[[ STUDY MATERIAL open ]]

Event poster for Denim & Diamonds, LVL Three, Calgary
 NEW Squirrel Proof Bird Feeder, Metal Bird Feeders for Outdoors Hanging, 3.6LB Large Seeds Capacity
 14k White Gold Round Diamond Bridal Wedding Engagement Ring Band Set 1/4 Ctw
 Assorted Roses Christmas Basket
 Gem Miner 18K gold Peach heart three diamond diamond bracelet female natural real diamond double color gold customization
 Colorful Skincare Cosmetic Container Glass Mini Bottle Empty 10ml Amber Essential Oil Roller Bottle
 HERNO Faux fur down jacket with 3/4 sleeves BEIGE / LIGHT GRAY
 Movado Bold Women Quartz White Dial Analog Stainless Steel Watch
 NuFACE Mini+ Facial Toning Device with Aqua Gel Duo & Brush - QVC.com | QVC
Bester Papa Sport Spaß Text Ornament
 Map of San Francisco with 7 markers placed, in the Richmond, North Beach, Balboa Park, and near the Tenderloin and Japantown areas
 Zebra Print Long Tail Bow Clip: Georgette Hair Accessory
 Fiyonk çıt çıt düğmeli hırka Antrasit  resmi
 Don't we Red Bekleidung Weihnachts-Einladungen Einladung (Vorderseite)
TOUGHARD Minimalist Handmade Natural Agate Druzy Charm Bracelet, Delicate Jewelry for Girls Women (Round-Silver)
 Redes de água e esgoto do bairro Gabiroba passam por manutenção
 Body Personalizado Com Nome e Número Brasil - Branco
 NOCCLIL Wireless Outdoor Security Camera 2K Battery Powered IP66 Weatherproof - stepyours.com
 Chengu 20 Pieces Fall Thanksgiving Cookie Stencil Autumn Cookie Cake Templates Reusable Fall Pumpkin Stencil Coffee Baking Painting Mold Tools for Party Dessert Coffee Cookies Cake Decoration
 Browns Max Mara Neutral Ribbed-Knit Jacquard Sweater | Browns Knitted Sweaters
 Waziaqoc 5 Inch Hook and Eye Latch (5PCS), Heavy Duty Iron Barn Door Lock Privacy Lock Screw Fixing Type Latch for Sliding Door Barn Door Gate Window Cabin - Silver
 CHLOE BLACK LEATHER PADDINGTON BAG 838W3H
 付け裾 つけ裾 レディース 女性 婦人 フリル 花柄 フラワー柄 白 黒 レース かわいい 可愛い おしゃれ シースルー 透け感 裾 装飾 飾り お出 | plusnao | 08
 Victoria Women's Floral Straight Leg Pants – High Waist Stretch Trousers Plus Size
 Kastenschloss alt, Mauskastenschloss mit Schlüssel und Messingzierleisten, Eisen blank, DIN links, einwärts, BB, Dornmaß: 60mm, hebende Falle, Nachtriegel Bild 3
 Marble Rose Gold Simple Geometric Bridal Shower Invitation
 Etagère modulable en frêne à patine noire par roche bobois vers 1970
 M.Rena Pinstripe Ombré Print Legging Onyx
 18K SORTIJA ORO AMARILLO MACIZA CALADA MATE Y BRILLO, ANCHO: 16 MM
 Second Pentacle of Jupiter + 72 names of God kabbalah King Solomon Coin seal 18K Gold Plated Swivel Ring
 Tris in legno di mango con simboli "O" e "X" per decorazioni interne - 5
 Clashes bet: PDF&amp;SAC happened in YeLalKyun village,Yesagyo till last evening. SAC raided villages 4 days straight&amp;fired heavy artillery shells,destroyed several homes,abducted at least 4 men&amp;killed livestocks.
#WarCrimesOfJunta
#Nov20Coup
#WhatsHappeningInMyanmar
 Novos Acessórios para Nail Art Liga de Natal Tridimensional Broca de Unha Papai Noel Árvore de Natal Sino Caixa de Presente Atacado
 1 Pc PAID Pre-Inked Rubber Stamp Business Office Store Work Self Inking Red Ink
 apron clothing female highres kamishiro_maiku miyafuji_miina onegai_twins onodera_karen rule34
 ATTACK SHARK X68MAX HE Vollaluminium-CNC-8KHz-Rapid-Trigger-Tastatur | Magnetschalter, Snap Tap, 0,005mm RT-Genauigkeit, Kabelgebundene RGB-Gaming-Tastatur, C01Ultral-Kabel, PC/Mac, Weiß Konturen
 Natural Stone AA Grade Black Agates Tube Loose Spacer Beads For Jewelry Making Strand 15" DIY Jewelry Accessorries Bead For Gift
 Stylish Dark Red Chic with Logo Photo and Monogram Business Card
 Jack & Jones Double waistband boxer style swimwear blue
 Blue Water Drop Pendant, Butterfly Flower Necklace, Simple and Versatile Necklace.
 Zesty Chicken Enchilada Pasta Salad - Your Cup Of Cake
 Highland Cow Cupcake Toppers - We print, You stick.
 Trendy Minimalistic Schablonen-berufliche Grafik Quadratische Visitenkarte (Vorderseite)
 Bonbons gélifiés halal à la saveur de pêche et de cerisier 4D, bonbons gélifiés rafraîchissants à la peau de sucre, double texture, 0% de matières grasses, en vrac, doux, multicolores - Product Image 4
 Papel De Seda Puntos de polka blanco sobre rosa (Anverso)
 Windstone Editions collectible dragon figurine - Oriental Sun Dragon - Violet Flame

[[ STUDY MATERIAL closed ]]

PROBLEM STATEMENT: Give back, exactly as written, the stretch from the line with "Victoria Women's Floral" through the line with "ATTACK SHARK X68MAX", and no other lines from the records above.

RESPONSE AREA:
 Victoria Women's Floral Straight Leg Pants – High Waist Stretch Trousers Plus Size
 Kastenschloss alt, Mauskastenschloss mit Schlüssel und Messingzierleisten, Eisen blank, DIN links, einwärts, BB, Dornmaß: 60mm, hebende Falle, Nachtriegel Bild 3
 Marble Rose Gold Simple Geometric Bridal Shower Invitation
 Etagère modulable en frêne à patine noire par roche bobois vers 1970
 M.Rena Pinstripe Ombré Print Legging Onyx
 18K SORTIJA ORO AMARILLO MACIZA CALADA MATE Y BRILLO, ANCHO: 16 MM
 Second Pentacle of Jupiter + 72 names of God kabbalah King Solomon Coin seal 18K Gold Plated Swivel Ring
 Tris in legno di mango con simboli "O" e "X" per decorazioni interne - 5
 Clashes bet: PDF&amp;SAC happened in YeLalKyun village,Yesagyo till last evening. SAC raided villages 4 days straight&amp;fired heavy artillery shells,destroyed several homes,abducted at least 4 men&amp;killed livestocks.
#WarCrimesOfJunta
#Nov20Coup
#WhatsHappeningInMyanmar
 Novos Acessórios para Nail Art Liga de Natal Tridimensional Broca de Unha Papai Noel Árvore de Natal Sino Caixa de Presente Atacado
 1 Pc PAID Pre-Inked Rubber Stamp Business Office Store Work Self Inking Red Ink
 apron clothing female highres kamishiro_maiku miyafuji_miina onegai_twins onodera_karen rule34
 ATTACK SHARK X68MAX HE Vollaluminium-CNC-8KHz-Rapid-Trigger-Tastatur | Magnetschalter, Snap Tap, 0,005mm RT-Genauigkeit, Kabelgebundene RGB-Gaming-Tastatur, C01Ultral-Kabel, PC/Mac, Weiß Konturen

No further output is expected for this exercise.